Indiana lawmakers want cellphones limited in classrooms



(The Center Square) – Indiana lawmakers want students to be better readers, and one way they want to make sure it happens is by limiting cellphone use in classrooms.

Sen. Jeff Raatz, R-Richmond, pushed two bills that build off the already passed Senate Bill 1 to target literacy and reading levels of students.

The legislation focuses on literacy instruction for students going into the third grade, and one of Raatz’s new bills focuses on students who need support after the third grade.

“Many Hoosier students’ success is at great risk because they lack core reading skills,” Raatz said. “These bills are the result of the state’s education leaders’ research and collaboration to ensure approaching and current third-graders are receiving the best literacy education and fourth- through eighth-grade students with low reading skills are not left behind.”

One reason Raatz thinks students struggle in the classroom is cellphones. His second bill requires each Indiana school to develop a policy limiting cellphone use in classrooms.
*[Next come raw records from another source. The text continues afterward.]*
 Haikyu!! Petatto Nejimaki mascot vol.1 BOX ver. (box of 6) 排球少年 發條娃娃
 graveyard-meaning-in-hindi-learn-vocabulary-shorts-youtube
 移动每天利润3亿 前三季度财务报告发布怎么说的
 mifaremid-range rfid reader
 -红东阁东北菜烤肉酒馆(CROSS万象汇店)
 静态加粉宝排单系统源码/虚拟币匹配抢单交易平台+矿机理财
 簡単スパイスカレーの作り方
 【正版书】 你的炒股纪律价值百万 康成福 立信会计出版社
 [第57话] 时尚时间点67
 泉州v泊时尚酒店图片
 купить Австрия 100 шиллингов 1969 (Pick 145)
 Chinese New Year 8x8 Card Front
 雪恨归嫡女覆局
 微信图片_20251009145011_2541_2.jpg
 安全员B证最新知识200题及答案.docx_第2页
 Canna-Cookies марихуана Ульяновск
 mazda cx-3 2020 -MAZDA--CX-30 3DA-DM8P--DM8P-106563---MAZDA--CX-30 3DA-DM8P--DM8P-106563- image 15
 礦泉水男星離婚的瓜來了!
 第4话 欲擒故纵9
“Cellular devices can be distracting for anyone, especially students learning fundamental skills in the classroom,” Raatz said. “Senate Enrolled Act 185 would ensure our students are paying attention to lessons being taught in the classroom instead of their phones.”

The debate over cellphones in schools has been debated for years nationwide.

Nearly 77% of schools prohibited nonacademic use of cellphones or smartphones during school hours as of 2020, according to the National Center for Education Statistics.

Senate Enrolled Acts 6 and 185 both await Gov. Eric Holcomb’s action.